* Assignment *
Transcribe each record exactly; skip any picture.

BEGIN Dataset

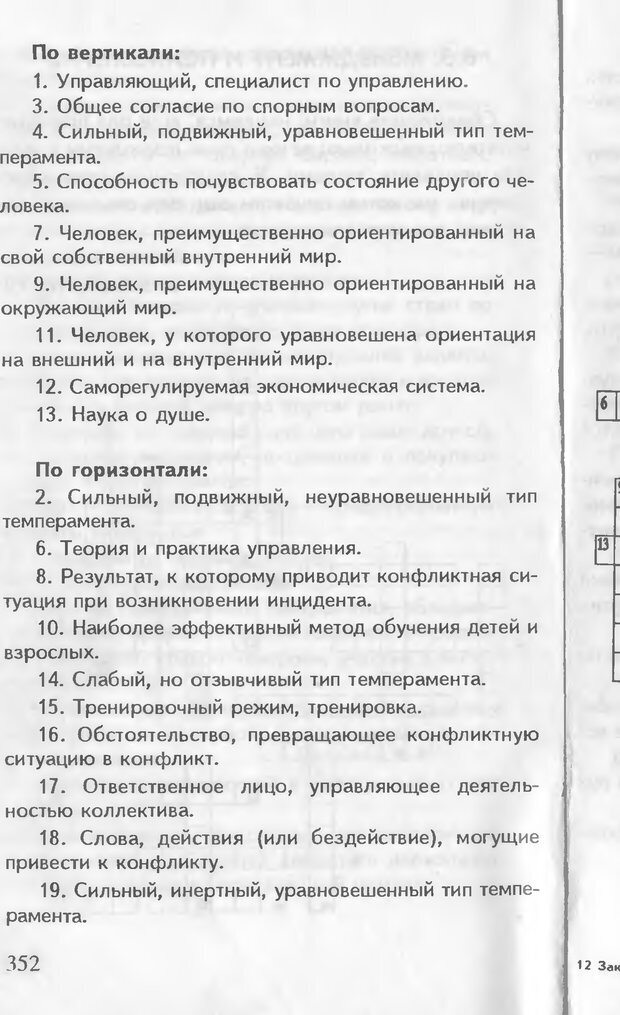 📖 DJVU. Как управлять другими. Как управлять собой. Шейнов В. П. Страница 352. Читать онлайн djvu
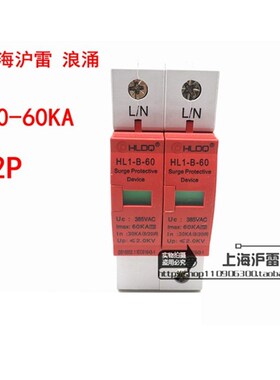 上海沪雷 HL1-B60 防雷器 234P 30-60KA 电涌/避雷器浪涌保护器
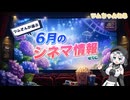 【同じ名前】ツムちゃんねる・独断で選んだサブカル情報と貴方のお便り【第二十七回】未来と今
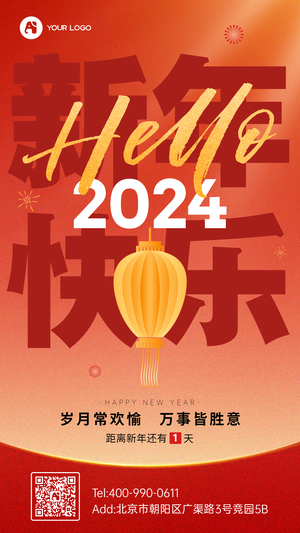 2023你好手机海报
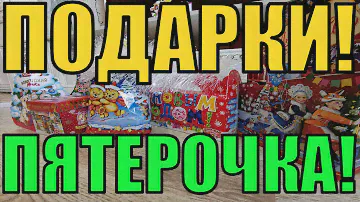 УЖАС!!! РАЗВОД НА ДЕНЬГИ! ОБЗОР НОВОГОДНИХ ПОДАРКОВ ИЗ ПЯТЕРОЧКИ! Сладкие подарки из пятерочки!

END Dataset

* Response box *
 📖 DJVU. Как управлять другими. Как управлять собой. Шейнов В. П. Страница 352. Читать онлайн djvu
 上海沪雷 HL1-B60 防雷器 234P 30-60KA 电涌/避雷器浪涌保护器
 【同じ名前】ツムちゃんねる・独断で選んだサブカル情報と貴方のお便り【第二十七回】未来と今
 2023你好手机海报
 УЖАС!!! РАЗВОД НА ДЕНЬГИ! ОБЗОР НОВОГОДНИХ ПОДАРКОВ ИЗ ПЯТЕРОЧКИ! Сладкие подарки из пятерочки!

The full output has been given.